100%|██████████| 9.03M/9.03M [00:00<00:00, 177MB/s]

Extracting files...





Path to dataset files: /root/.cache/kagglehub/datasets/taruntiwarihp/phishing-site-urls/versions/1


In [3]:
import os

# List files in dataset folder
os.listdir(path)

['phishing_site_urls.csv']

In [4]:
import pandas as pd

csv_path = os.path.join(path, 'phishing_site_urls.csv')  # Replace with actual file name if needed
df = pd.read_csv(csv_path)
df.head()


Unnamed: 0,URL,Label
0,nobell.it/70ffb52d079109dca5664cce6f317373782/...,bad
1,www.dghjdgf.com/paypal.co.uk/cycgi-bin/webscrc...,bad
2,serviciosbys.com/paypal.cgi.bin.get-into.herf....,bad
3,mail.printakid.com/www.online.americanexpress....,bad
4,thewhiskeydregs.com/wp-content/themes/widescre...,bad


Now, to visualize the dataset, .shape and .value_counts() will display the number of rows, columns, and URLS we have

In [5]:
print("Dataset shape:", df.shape)
print("Class distribution:")
print(df['Label'].value_counts())


Dataset shape: (549346, 2)
Class distribution:
Label
good    392924
bad     156422
Name: count, dtype: int64


Now, i will use dropna() the remove any rows that have missing values , and drop_duplicates() to remove duplicate rows

In [6]:
df.dropna(inplace=True)
df.drop_duplicates(inplace=True)

print("Cleaned dataset shape:", df.shape)
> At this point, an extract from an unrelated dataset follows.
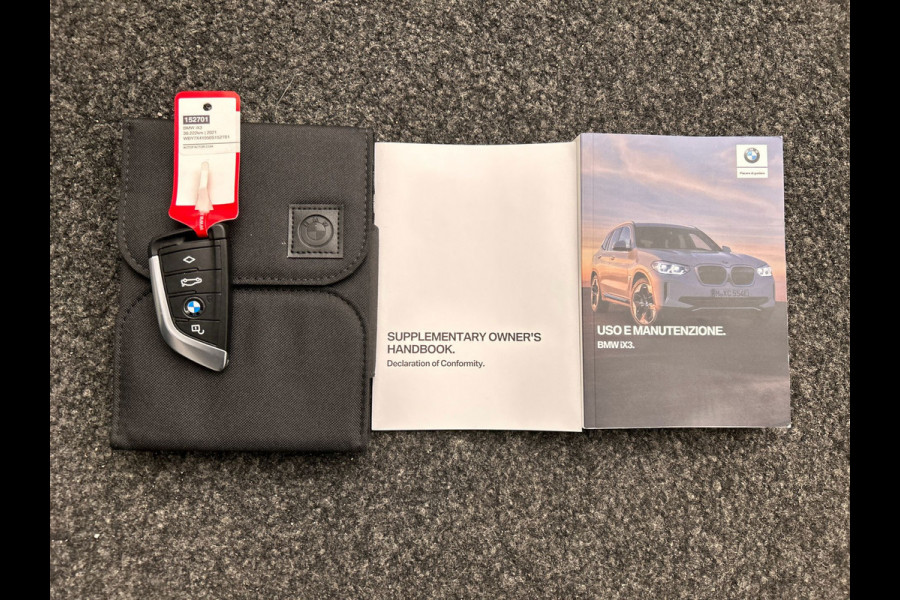 BMW iX3 Executive 80kWh | SOH 100% | Panoramadak | Adaptive-cruise | Leder | Stoelverwarming | Carplay | Camera |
Cleaned dataset shape: (507196, 2)


In machine learning, there is a step called preprocessing that comes after the cleaning of the dataset. sklearn provides LabelEncoder() which transforms the database values into something the model can undestand. Phishing will correspond with 1, and benign with 0.

In [None]:
from sklearn.preprocessing import LabelEncoder

le = LabelEncoder()
df['Label'] = le.fit_transform(df['Label']) #replaces string labels with numeric ones automatically

print(df['Label'].value_counts())  # Now 0s and 1s


Now, to write a funtion that creates some variables based on characteristics of suspicious URLS

url_length - longer URLS can be more
suspicious


num_digits - digits are sometimes used to mimic characters, more digits can be more suspicious


num_spec_char - special chars are often used to obfuscate URLs


has_ip - IP addresses are rare in legit domains


has_https - lack of HTTPS can be a red flag


num_subdomains - phishing URLs often bury malicious domains under many subdomains

In [7]:
#importing the regular expressions module to use for pattern matching
import re
#define a function that takes the URL and returns a dictionary of extracted features
def extract_features(url):
    return {
        'url_length': len(url),
        'num_digits': sum(c.isdigit() for c in url),
         # re.findall() returns a list of matches for the given pattern. [^\w] matches anything NOT a-z, A-Z, 0–9, or _
        'num_special_chars': len(re.findall(r'[^\w]', url)),
        # re.search() finds a pattern in the string. The regex looks for an IPv4 address format.
        'has_ip': int(bool(re.search(r'\d{1,3}(\.\d{1,3}){3}', url))),
        # 'https' in url.lower() checks if the lowercase version contains 'https'
        'has_https': int('https' in url.lower()),   # int(True) = 1, int(False) = 0
        'num_subdomains': url.count('.') - 1,
    }
# df['URL'] is a pandas Series of strings (not a list or array, but similar in functionality)
# .apply() applies a function to every element in a pandas Series
features = df['URL'].apply(extract_features)
# Convert the Series of dictionaries into a new DataFrame
# .tolist() turns the Series into a list of dictionaries
features_df = pd.DataFrame(features.tolist()) # Each dictionary becomes a row

features_df['Label'] = df['Label']
features_df.head()


Unnamed: 0,url_length,num_digits,num_special_chars,has_ip,has_https,num_subdomains,Label
0,225,58,28,0,0,5,bad
1,81,1,14,0,0,4,bad
2,177,47,19,0,0,6,bad
3,60,0,8,0,0,5,bad
4,116,21,13,0,0,0,bad